The election map for this year has been determined for a long time.
Arizona, Georgia, Michigan, Nevada, North Carolina, Pennsylvania and Wisconsin will likely determine whether Vice President Kamala Harris or former President Donald Trump wins.
The polls in these seven states have been close for months. And that hasn’t changed with 24 hours to go.
The latest set of New York Times/Siena College polls in each state showed Harris narrowly leading among likely voters in Georgia, Nevada, North Carolina and Wisconsin, while Harris and Trump are tied in Michigan and Pennsylvania. In Arizona, Trump has a four-point lead over Harris.
Georgia, Nevada and North Carolina are all Sun Belt states where economies have grown particularly large. When President Joe Biden was still the presumptive Democratic presidential nominee, he trailed Trump in Georgia and Nevada, but Harris quickly made those states competitive.
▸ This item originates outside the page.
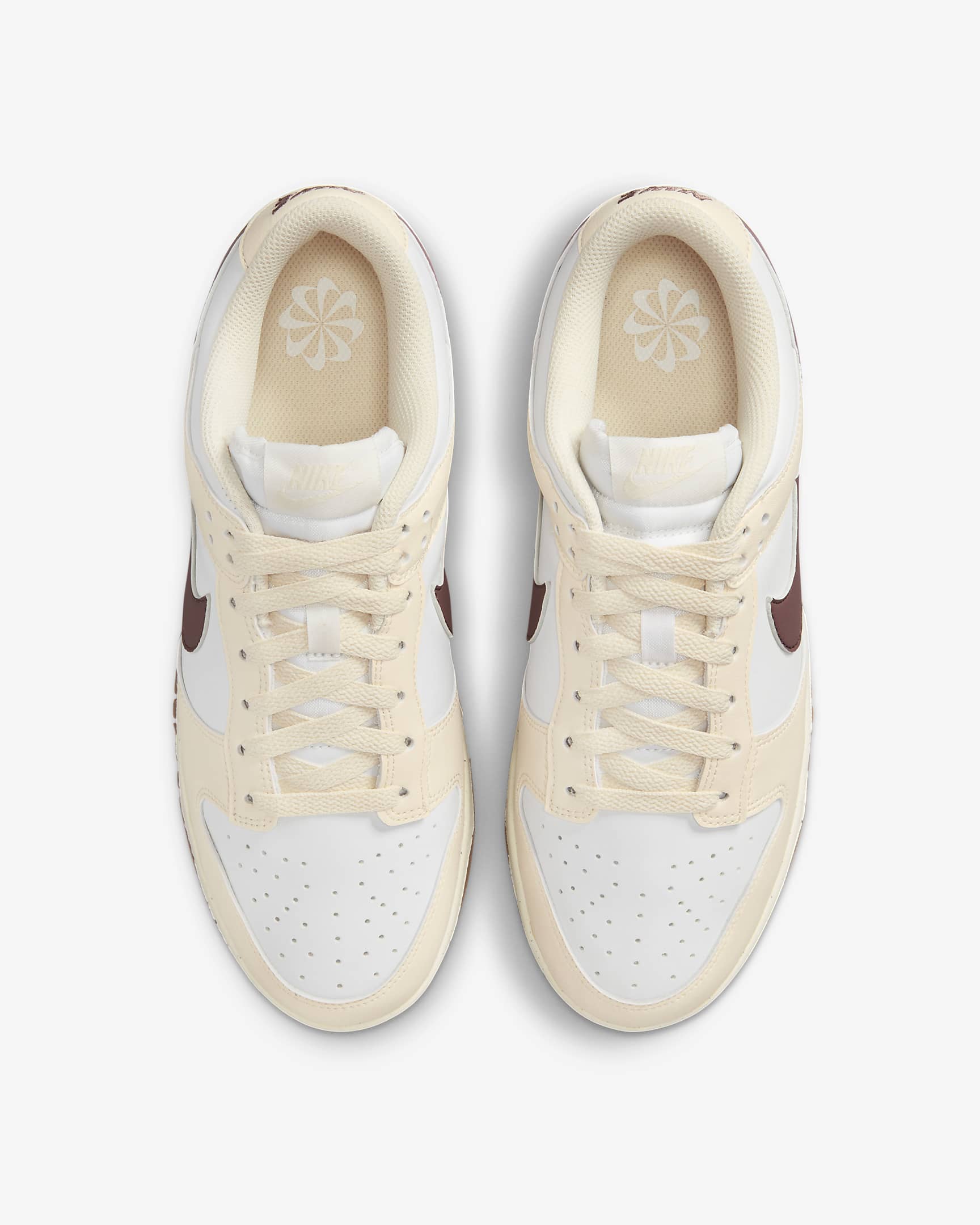 Tenis para mujer Nike Dunk Low - Leche de coco/Blanco cumbre/Malva humeante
In Georgia, Harris leads 48% to 47%, according to the Times poll. She has slightly larger advantages in North Carolina (48% to 46%) and Nevada (49% to 46%).
Black voters will play a key role in Georgia and North Carolina, where they make up a significant portion of the electorate. Biden won Georgia by a razor-thin margin in 2020, while Trump narrowly won North Carolina that year.
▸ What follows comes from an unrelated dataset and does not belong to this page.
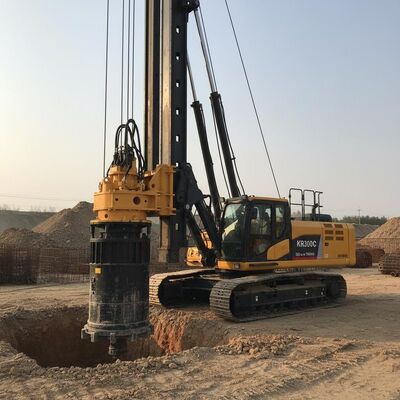 Machine d'empilage rotative KR300C avec un couple de 320 kN.m pour une profondeur de forage de 54 m et un diamètre de 2 500 mm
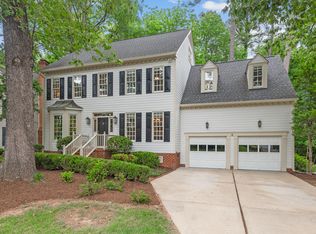 4 Winslow Pl, Chapel Hill, NC 27517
In Georgia, more than four million voters cast ballots early, and just over a million of those voters were black, according to data from the Georgian foreign minister’s office. And in North Carolina — where Democrats haven’t won at the presidential level since Barack Obama’s victory in 2008 — there has been a concerted effort to boost turnout in the party’s strongholds in the Charlotte and Raleigh areas.
Latino voters will be critical in Nevada, where issues like housing affordability and inflation have driven the political conversation and given Trump hope he can turn around the state, which hasn’t backed a Republican presidential candidate since George W. Bush in 2004 .
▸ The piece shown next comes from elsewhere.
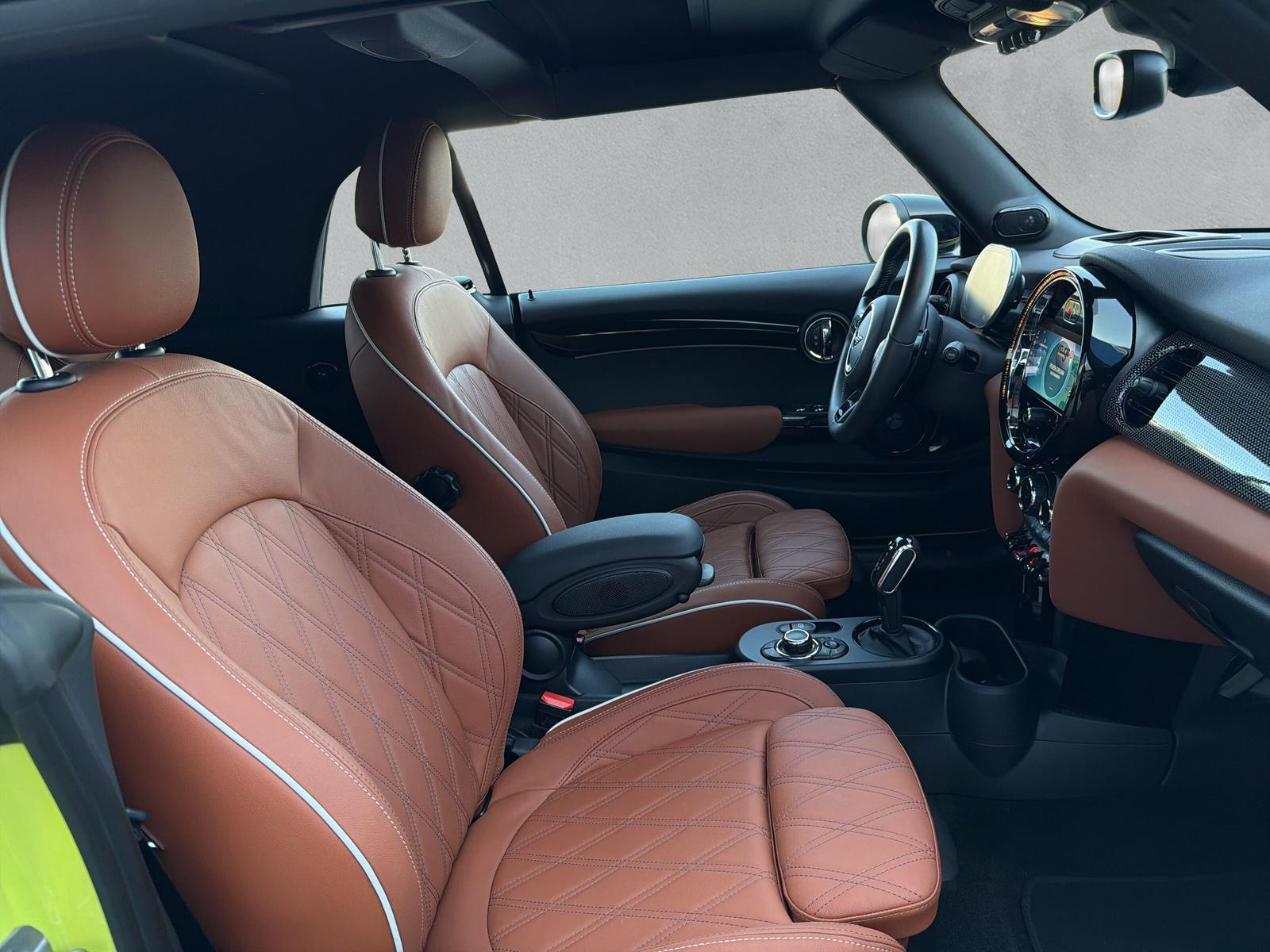 MINI Cabrio John Cooper Works F57 2.0i (CH)-image-12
Among the northern “Blue Wall” states, which are especially crucial for Harris, there is still no clear leader in the battlegrounds of Wisconsin, Michigan or Pennsylvania.
In Wisconsin, Harris leads 49% to 47%, while Michigan (47% to 47%) and Pennsylvania (48% to 48%) both scored tied in the Times poll. Harris has campaigned to gain support from working-class, minority and union voters in these areas. Trump has tried to insert some of these voters into his column, aware that any small shift in their support could be decisive in an already close contest.
Biden won all three Blue Wall battlegrounds in 2020.
Some Democrats are concerned that Trump could make another breakthrough in the Midwest as he did in 2016, but the new Des Moines Register/Mediacom poll showed Harris with a three-point lead in GOP-leaning Iowa. which could mean the vice president will make an appearance. strong in the Blue Wall.
Meanwhile, in Arizona, where Latino voters will once again take center stage, the former president’s four-point lead is his largest among the seven states surveyed by the Times.
Arizonans have consistently cited the economy and immigration as two of their top issues — which favor Trump — but concerns about democracy and reproductive rights are also top issues for voters. And the last two topics are very useful for Harris.
There is also a generational divide in Arizona that is currently helping Trump in a state that Biden narrowly won in 2020.
In the Times/Siena poll of likely Arizona voters, Harris led among voters 18 to 29 (55% to 41%) and 30 to 44 (50% to 44%), but Trump had advantages among voters from 45 to 64 years (53%). % to 42%) and 65 years and older (51% to 43%).
The gender gap in swing states, meanwhile, reflects the deep divide in national opinion polls. According to the latest NBC News poll, Harris wins female voters by 16 points (57% to 41%). Trump had an 18-point lead among male voters (58% to 40%).
And with the candidates tied in the latest NBC poll of registered voters (49% to 49%), it could ultimately come down to who votes in greater numbers: women or men.
In early voting in swing states so far, women have outvoted men, but it remains unclear whether this trend will continue until Election Day.